## Work to complete
Using the records below, copy exactly the part that opens with the line holding "Strawberry Mimosas from" and closes with the line holding "2 Bedroom Flat", minus the pictures.

BEGIN Data under study

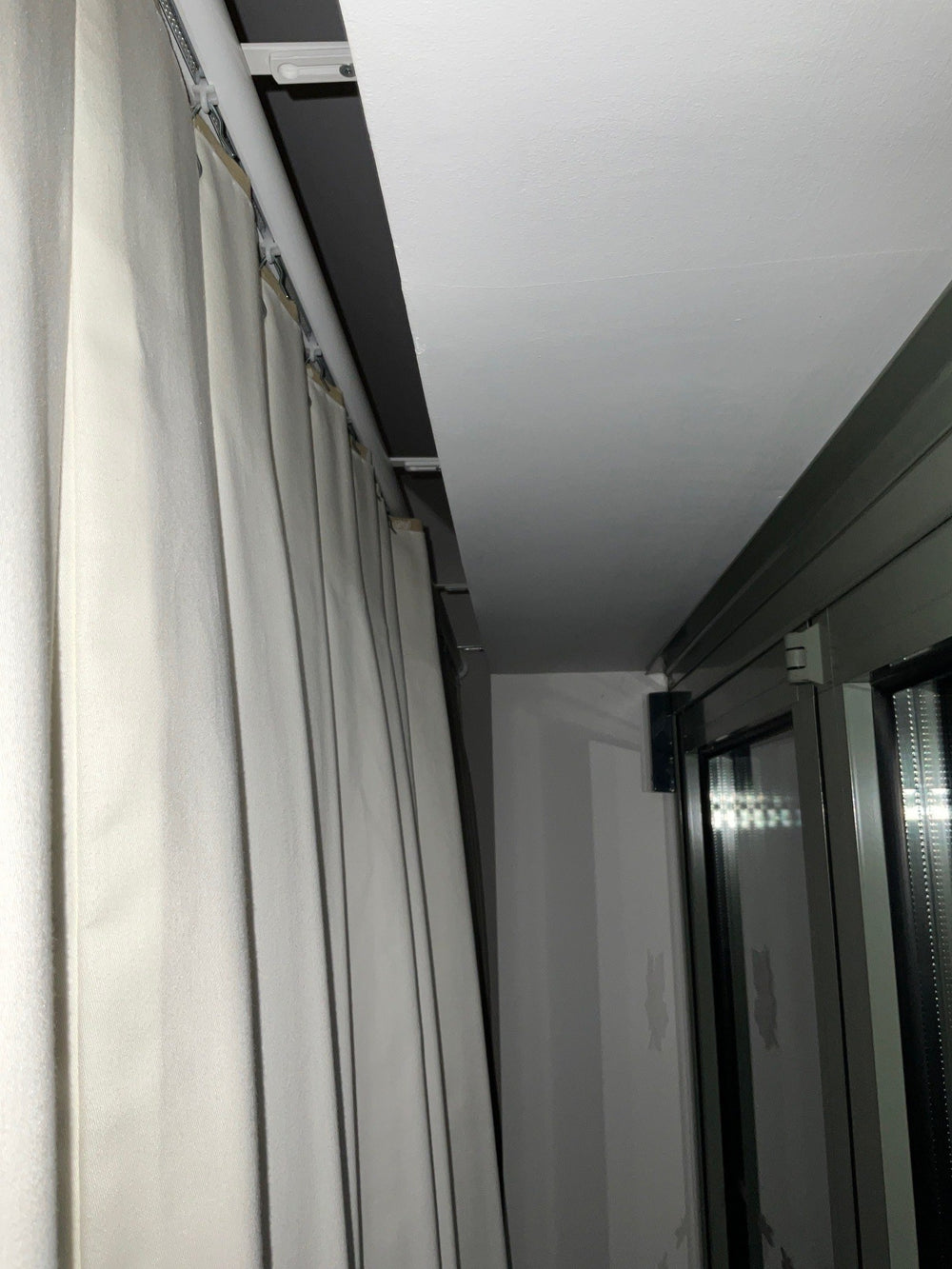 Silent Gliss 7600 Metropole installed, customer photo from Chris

END Data under study
BEGIN Data under study

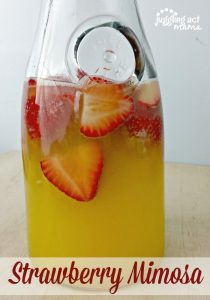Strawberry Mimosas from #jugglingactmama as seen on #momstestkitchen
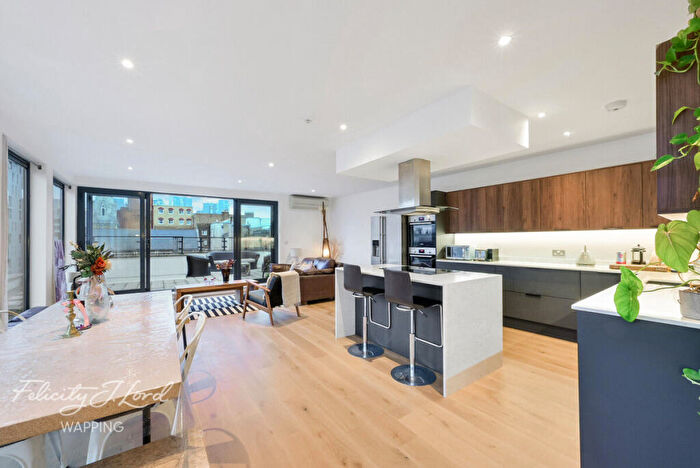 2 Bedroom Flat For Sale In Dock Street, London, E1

END Data under study

## Worked solution
Strawberry Mimosas from #jugglingactmama as seen on #momstestkitchen
 2 Bedroom Flat For Sale In Dock Street, London, E1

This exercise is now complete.